This design was specifically chosen so that Rocket Lab would not put large second stages into orbit and would fly responsibly by deorbiting Electron’s second stage quickly so as not to contribute significantly to the space debris environment. “We build this infrastructure in orbit in a sustainable way, and leaving second stages in high orbits is not really conducive to that. So what it means is … we’re just putting a little Curie module up into orbit, and we also have deorbit capability on that, too.”

Moreover, the Curie kick-stage was a direct result of Rocket Lab talking to and listening to their customer base – who wanted to make sure that on ride share missions of Electron that all payloads were separate safely and not re-contact other small satellites launched/deployed on that same mission.
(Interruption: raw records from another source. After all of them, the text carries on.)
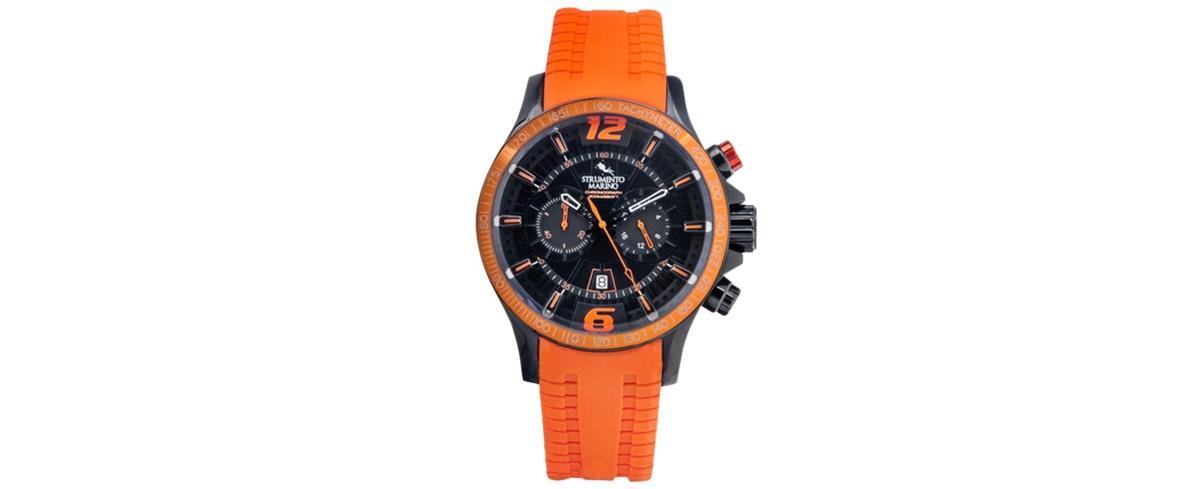 Strumento Marino Mens Chronograph Hurricane Orange Silicone Strap Watch 46mm - Orange Black Product Image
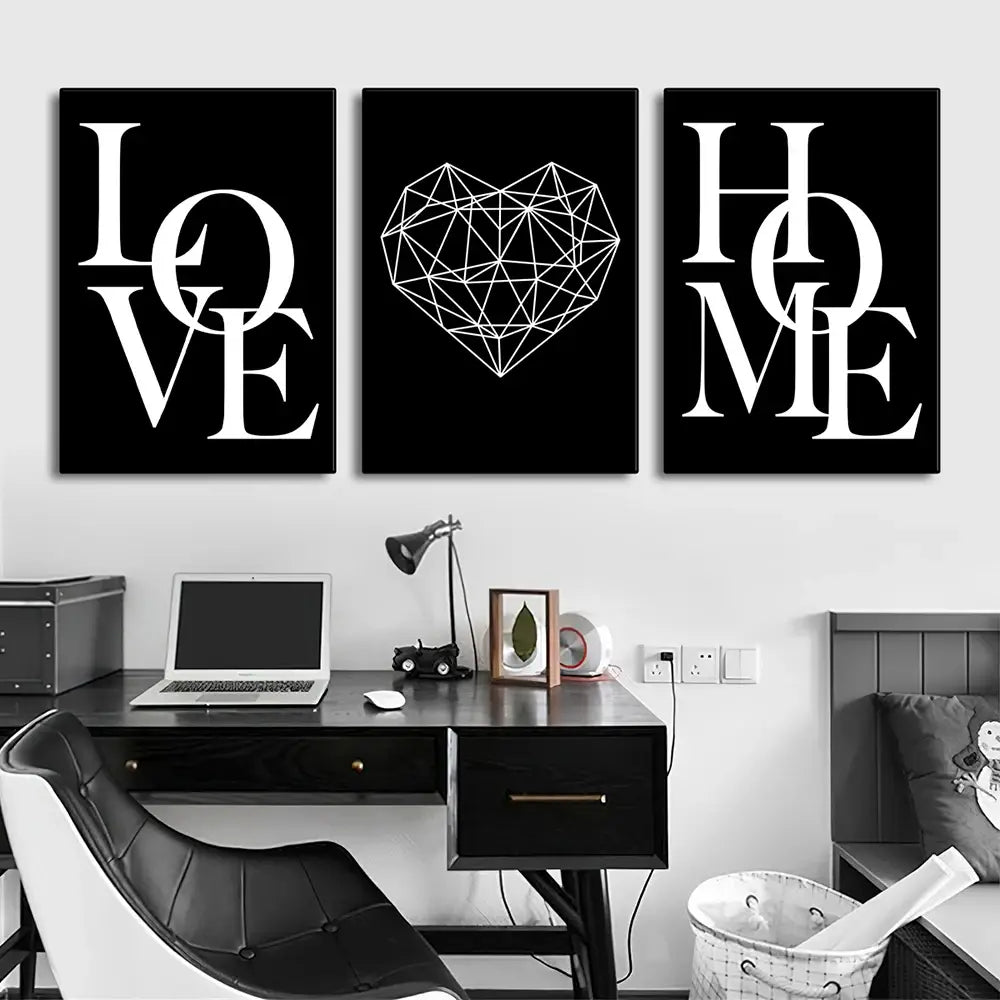 DecorBites™ Nordic Diamond Heart Canvas Prints Set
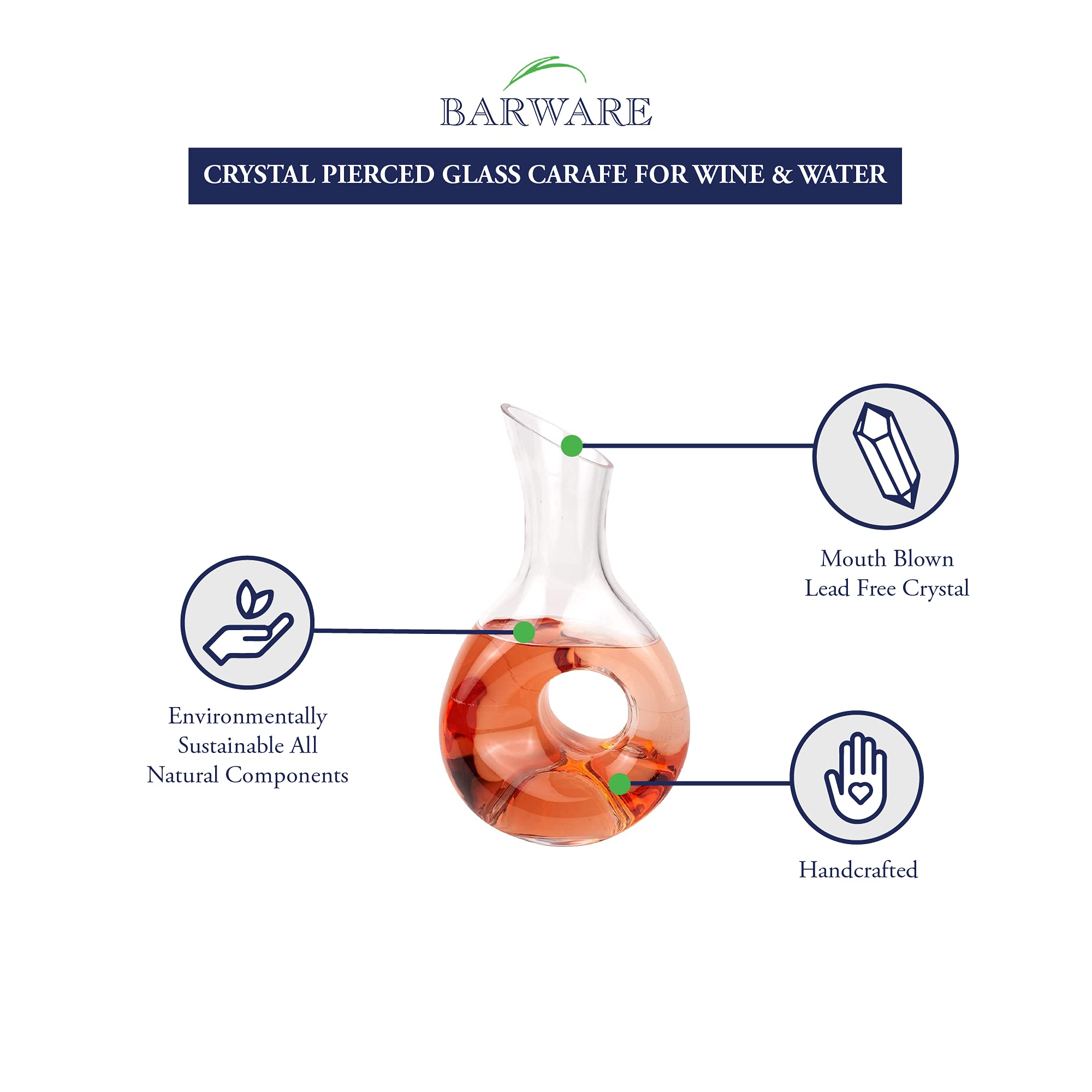 Badash Eternity Crystal Wine Carafe - 36 oz. European Mouth-Blown Crystal Pierced Glass Carafe for Wine, Water, Juice & More - Fine Quality Lead-Free Crystal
No word yet on when they will fly next, though it sounds as if there will be a number of launches this year, at an ever-increasing pace.


One comment

  • Dick Eagleson

    Rocket Lab has, I think, taken a page from the SpaceX playbook by keeping certain nifty things under wraps until the last minute. The Curie kick stage and that mirror-ball satellite are two exemplars.

    Aside from space debris hygiene considerations, the Curie stage makes excellent sense from a rocket equation standpoint. It’s much smaller and lighter than a second stage meaning more of its total impulse can go to customizing final orbits and less to dragging its own mass along for the ride.